> _To do_: The line holding "Ports go through" is the last one to output; start at the first line of the data, keep every line in between exactly, and leave out pictures.

> _Data provided_:
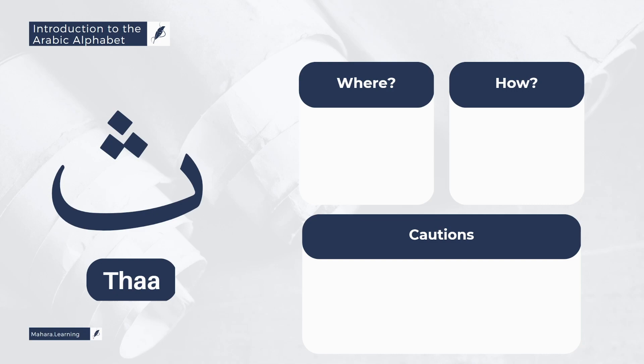A common mistake in pronouncing the letter Tha is that the tongue is not allowed to protrude, meaning it's not slightly out. So a person ends up pronouncing it like the letter Seen. For example, instead of saying Othman, they say Osman, because they didn't put the tip of the tongue slightly out.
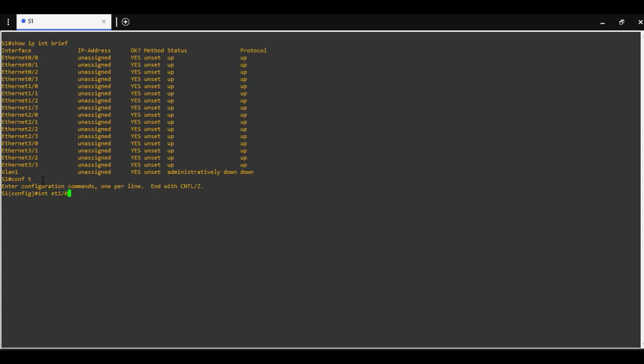Ports go through listening and learning states which takes 30 seconds. To bypass STP we can configure port fast feature. To configure port fast, use command spanning tree port fast and press enter. This will enable the feature.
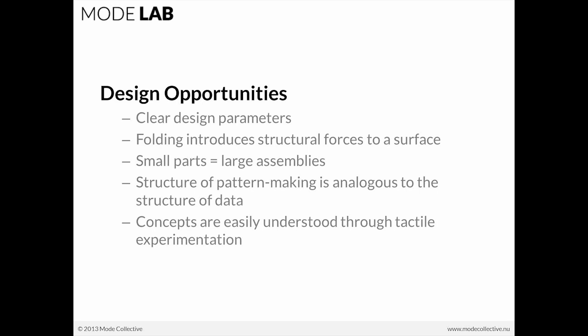And my personal favorite is that the concepts, these seemingly abstract concepts, are easily understood through tactile experimentation. So, things which could be very difficult to grasp are rendered quite accessible just by the nature of the tactility of its interface.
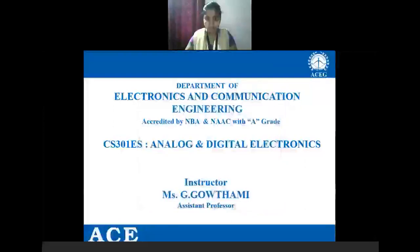Good morning class. My name is Ji Gautami. I am from the ETI department. Today I am going to introduce a new subject, that is Analog and Digital Electronics.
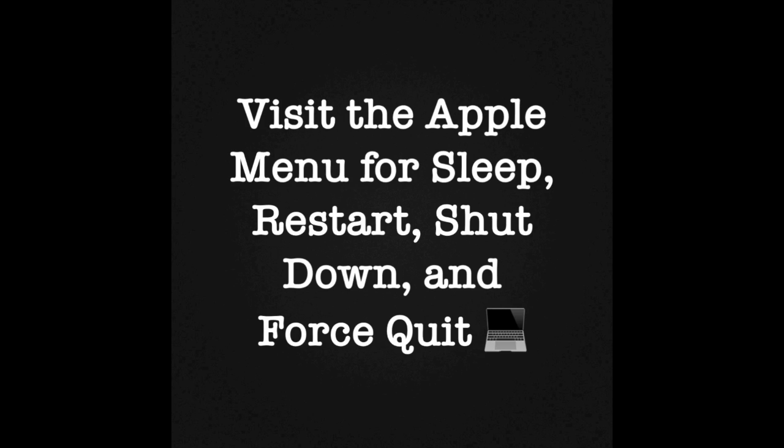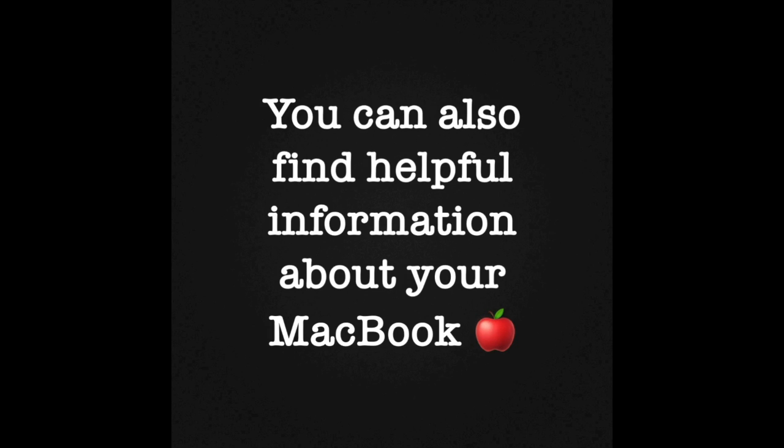Don't forget to visit the Apple menu for sleep, restart, shut down, and force quit. You can also find helpful information about your MacBook under About This Mac in the Apple menu.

> _Result_:
A common mistake in pronouncing the letter Tha is that the tongue is not allowed to protrude, meaning it's not slightly out. So a person ends up pronouncing it like the letter Seen. For example, instead of saying Othman, they say Osman, because they didn't put the tip of the tongue slightly out.
Ports go through listening and learning states which takes 30 seconds. To bypass STP we can configure port fast feature. To configure port fast, use command spanning tree port fast and press enter. This will enable the feature.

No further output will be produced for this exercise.